Le goût du voyage

Si ma valise pouvait parler, elle dirait que je la confonds trop souvent avec le sac de Mary Poppins. Je suis persuadée que je peux y faire rentrer tout et n’importe quoi en évitant l’excès de bagage par magie. Paradoxalement, plus j’avance dans l’âge, plus je nourris le secret espoir de voyager avec l’élégance du personnage de Margherita Buy dans le film “Je voyage toute seule”.  En réalité, c’est tout à fait impossible. Il faudrait pour atteindre cet idéal renoncer à mon goût du voyage. C’est à cause de lui que l’on peut m’apercevoir à l’aéroport exhibant le profil gracieux d’un bonhomme Michelin relooké par un épouvantail, portant 3 pulls, 3 t-shirts, accumulant les couches et les poches remplies avant d’arriver à ma place dans l’avion. Tout ça pour libérer de l’espace dans la valise.

Comme si, en rapportant dans ma valise des choses à manger et à boire, j’emportais un peu du voyage, croquant dans ma mémoire, retrouvant par le goût la saveur d’un moment et la matière d’un souvenir. Je conseille toujours de rapporter des souvenirs qui se mangent et se boivent. Au-delà de donner à vos étagères une certaine allure, ils vous feront prendre la tangente en quelques bouchées, redonneront au quotidien le savoureux goût de l’ailleurs. Et ils disent tant de la culture de l’endroit dont vous revenez. Et, une bouchée en amenant une autre, tant de son identité.

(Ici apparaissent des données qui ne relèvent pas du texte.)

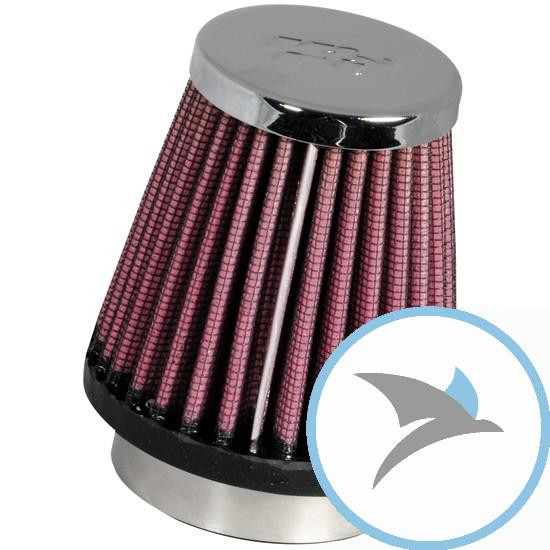 Rennluftfilter einzeln Universal K&N - RC-1060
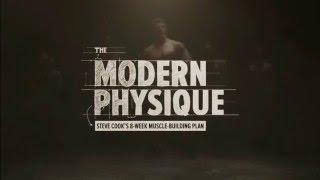 STRONGMOTIVATION The modern physique ( STEVE COOK)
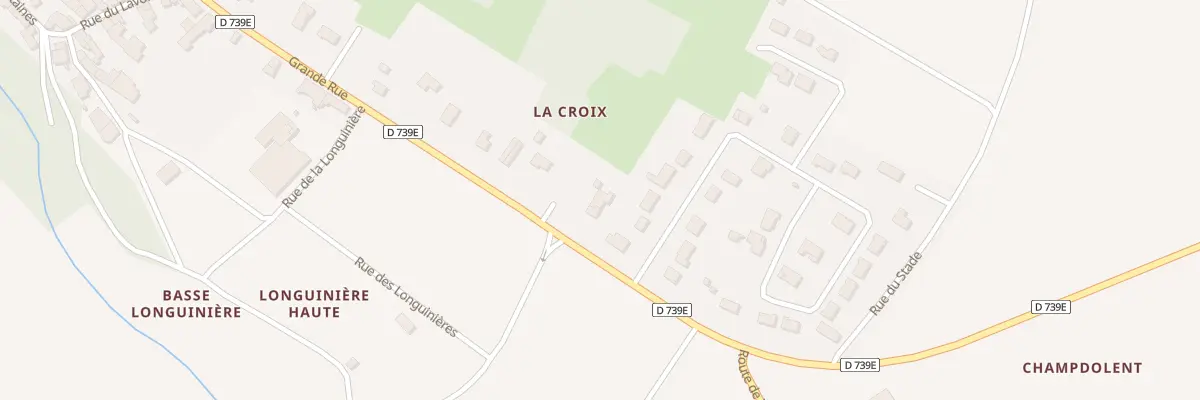 Plan du 6B Gr Grande Rue aux Nouillers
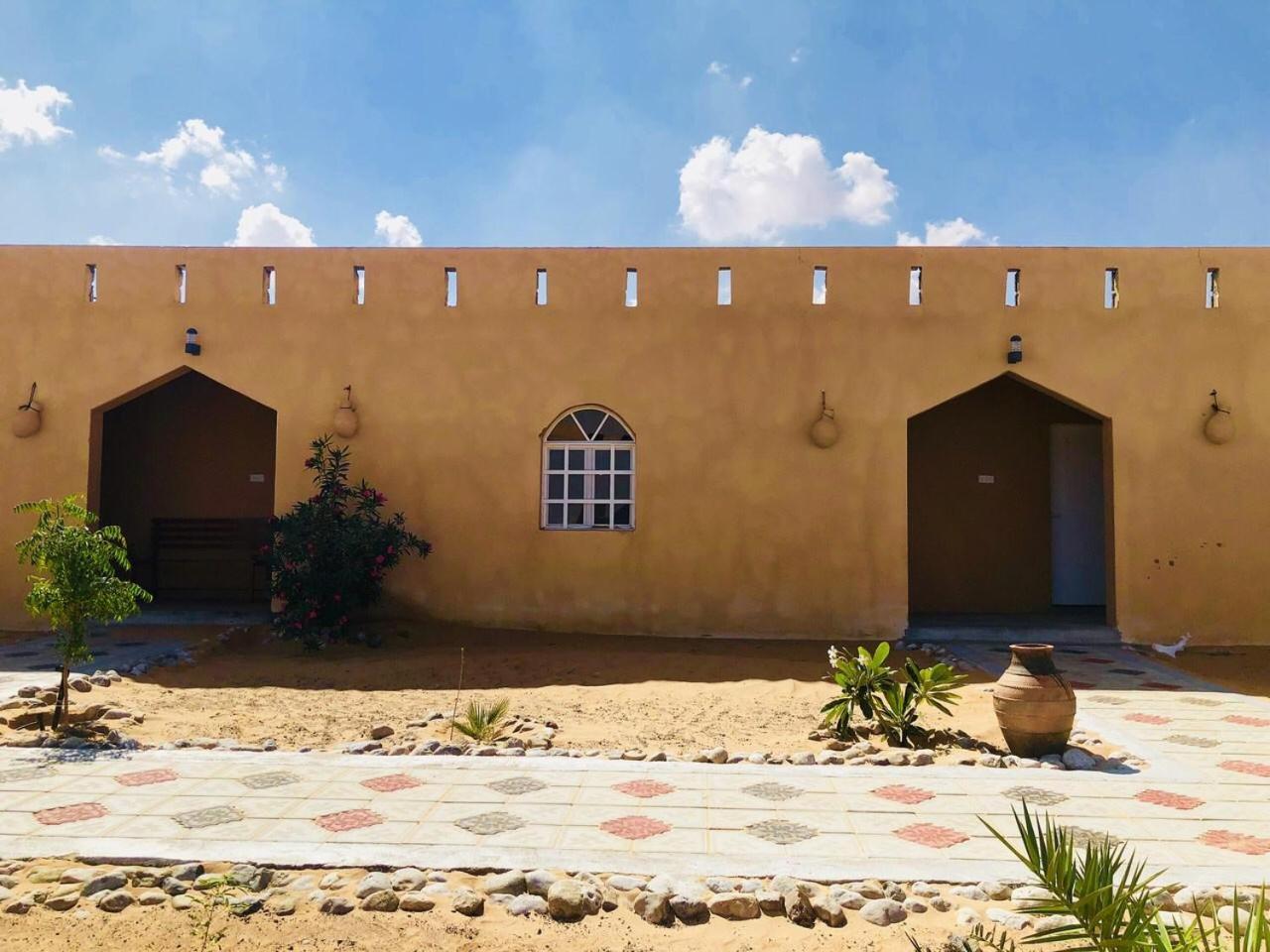 Wahiba Bedouin Rustic Camp Hotel Badīyah Szoba fotó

Mon voyage à São Miguel, aux Açores, n'a pas fait exception à la règle. On voit des paysages merveilleux, on y vit quatre saisons en une journée et peu de mots réussissent à traduire l’âme troublée de l’île ou le sentiment de liberté qui vous envahit par vagues lorsque vous randonnez sur les cimes, entre les lacs et l’océan. Je ne peux vous recommander d’aller à São Miguel et de réserver de la place dans votre valise pour le retour. Dans la mienne, j’ai glissé un extraordinaire vin blanc produit avec les vignes volcaniques de Terceira, Magma, minéral, frappé d’embruns, un fromage que l’on ne produit que dans une seule ferme de Miraflores, la plus petite île des Açores. Au rayon boissons encore, du thé vert car c’est le seul endroit où il pousse en Europe et Cha Gorreana existe depuis 1884. Et, bien sûr, j’ai rapporté des conserves de filets de thon des Açores de Corretera, conserverie de São Miguel. Ceux-là étaient plongés dans un bon bain d’huile d’olive bio, du genre que l’on claque sur un morceau de pain grillé à l’heure où l’on ferme son ordi. Les plus gloutons iront jouer la rencontre entre le vin blanc minéral et le thon à l’apéro, et ils auraient raison. Terre et mer ont des choses à se dire. J’ai testé et approuvé à plusieurs reprises et je ne peux que vous encourager à reproduire ce petit miracle à la maison, d’autant qu’en fermant les yeux, vous verrez peut-être la silhouette capricieuse de São Miguel apparaître à l’horizon…

Illustration de Furze Chan

P.S : toutes ces spécialités proviennent de la géniale petite boutique “O Rei dos Queijos”, à Ponta Delgada (São Miguel). Contrairement à ce que le nom laisse présager, cette boutique vend de délicieux fromages mais aussi tout ce que les 9 îles des Açores produisent de meilleur.